I understand about the money savings! But what do you do with a pre-smoked turkey??? I have not smoked all there is to smoke! I do not know all there is to know about any thing! I am here trying to learn as are all of us, or so I thought. I guess I am not as advanced in my knowledge as you are Mikey, Sorry about screwing up *THE POINT*. I am not trying to offend anyone! As I have stated before in Ron's post I have learned a lot from him and I enjoy his Qviews.

Thank you again Ron.


----------



## mikey (Mar 19, 2009)

*What to do with a pre smoked turkey?  A few things come to mind like sammies, chop some up and make a smoked turkey, spinach & cheese omelette for breakfast.  I think the possibilities are numerous, just let those creative juices flow.  I, as well, have not smoked all there is to smoke either, but in this case the "factory" has done the work.  A worst case senario for me would be the turkey tasted like crap, then my dogs would reap the benefits.
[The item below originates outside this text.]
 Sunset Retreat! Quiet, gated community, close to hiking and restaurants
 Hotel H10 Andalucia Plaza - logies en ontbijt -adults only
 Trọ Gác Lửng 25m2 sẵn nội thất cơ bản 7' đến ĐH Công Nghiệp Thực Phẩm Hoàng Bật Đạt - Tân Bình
It would be a win win all the way around here at my house.*

*As a side note, vtanker my response to you was in no way being critical. Common sense tells me that if it's not in print, it's tough to read someone's mind. *


----------



## pignit (Mar 19, 2009)

I can tell you Ron that before I started smoking meat myself, the smoked Turkey at Sams was one of my favorites. I think I'd eat it as is unless your feelin adventurous and in the mood to experiment.


----------



## scubadoo97 (Mar 19, 2009)

The point of this one was it was below cost and a steal of a deal.  Lot's of sandwiches off that 4 dollar bird.


----------



## fire it up (Mar 19, 2009)

I don't think there is anything wrong with buying a precooked smoked bird, long as it tastes good.  One of my favorite things to smoke is turkey legs but when I am out and am lucky enough to find half cooked smoked legs at Acme I always grab a pack.  They aren't bad at all.  They ALWAYS have smoked turkey tails, wings and ham hocks but it is a rare find to get the smoked legs.  But I am lucky, the shoprite across from Acme almost always carries packs of uncooked turkey legs so, weather permitting, I can fire up the smoker if I truly need my leg fix.  Sure it is usually better to do your own work but, if it's a wheel of a deal and makes a fine meal then I know how you feel.


----------